Objectives: To determine serum concentrations of proinflammatory (C reactive protein, complement C3 and C4) and anti-inflammatory (α1 antitrypsin, C1 esterase inhibitor (C1-INH)) acute phase proteins in elite cyclists before and during a three week cycle tour.

Methods: Seventeen professional cyclists participating in the Vuelta a Espańa volunteered for the study. Their mean (SD) physical characteristics were: age 28 (1) years; height 1.7 (0.06) m; weight 65 (7) kg; body fat 7.6 (0.8)%; Vo2max 75.3 (2.3) ml/kg/min. Venepuncture was performed on each subject 24 hours before the tour began (T0), on day 11 (the first rest day; T1) and day 21 (the second to last stage of the tour; T2). Samples at T1 and T2 were taken about 17 hours after the previous stage. Analysis of variance was used to determine changes over time. Where significance was found, a Tukey post hoc test was performed.
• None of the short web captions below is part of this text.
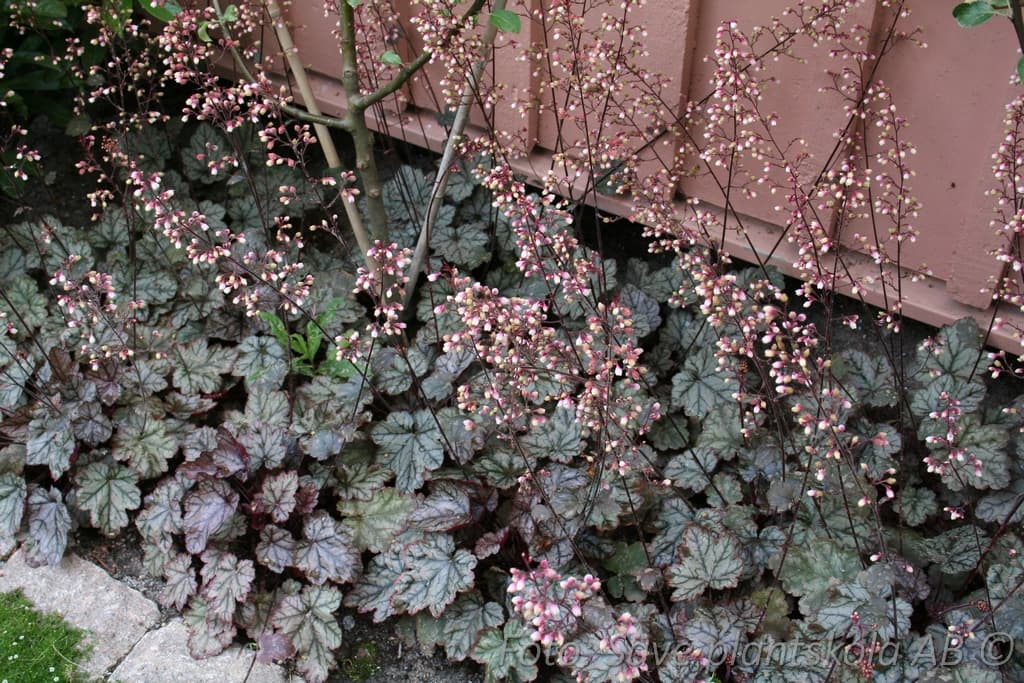 Heuchera   'Jade Gloss'  (PBR)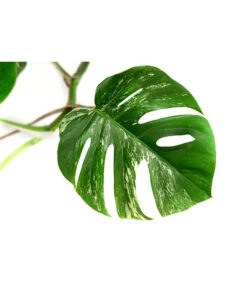 Fensterblatt - Monstera Deliciosa 'Variegata', Panaschiert -Dehner 8765257 WE DE 001 MonsteraVariegataT17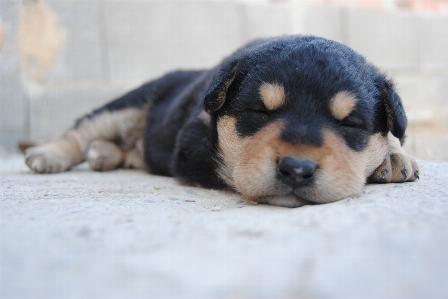 Foto Anak anjing satwa peliharaan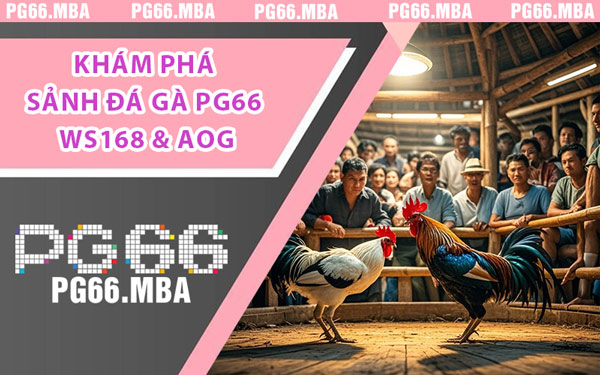 Đá Gà PG66 - Nơi Quy Tụ Những Kê Thủ Hàng Đầu Việt Nam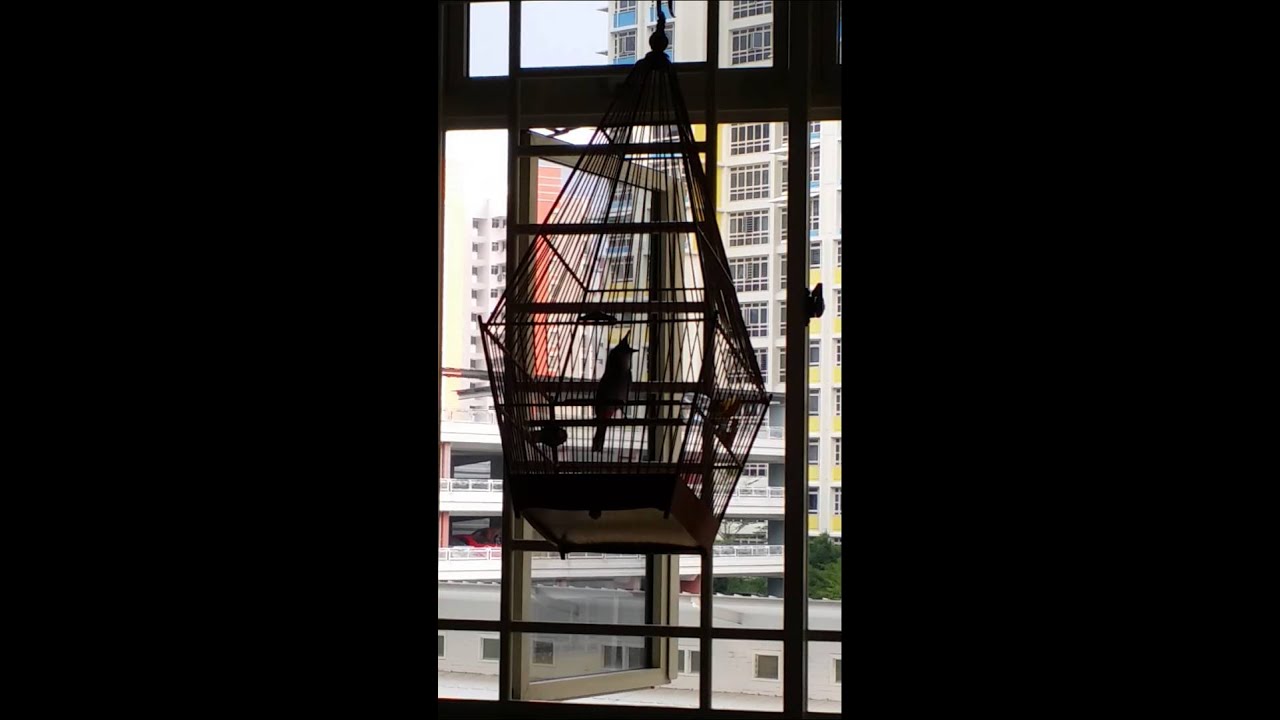 Monster jambul 00011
Results: C reactive protein concentrations were consistently within the normal range, although there was a 228%, non-significant increase at T1. C3 concentrations fell within the normal range at all times assessed. C4 concentrations before the race were within the normal range and were significantly increased 10 days (T1) into the race. C1-INH concentrations did not change significantly throughout the race. α1 Antitrypsin concentration before the race was at the lower end of the normal range and was only significantly raised at T2.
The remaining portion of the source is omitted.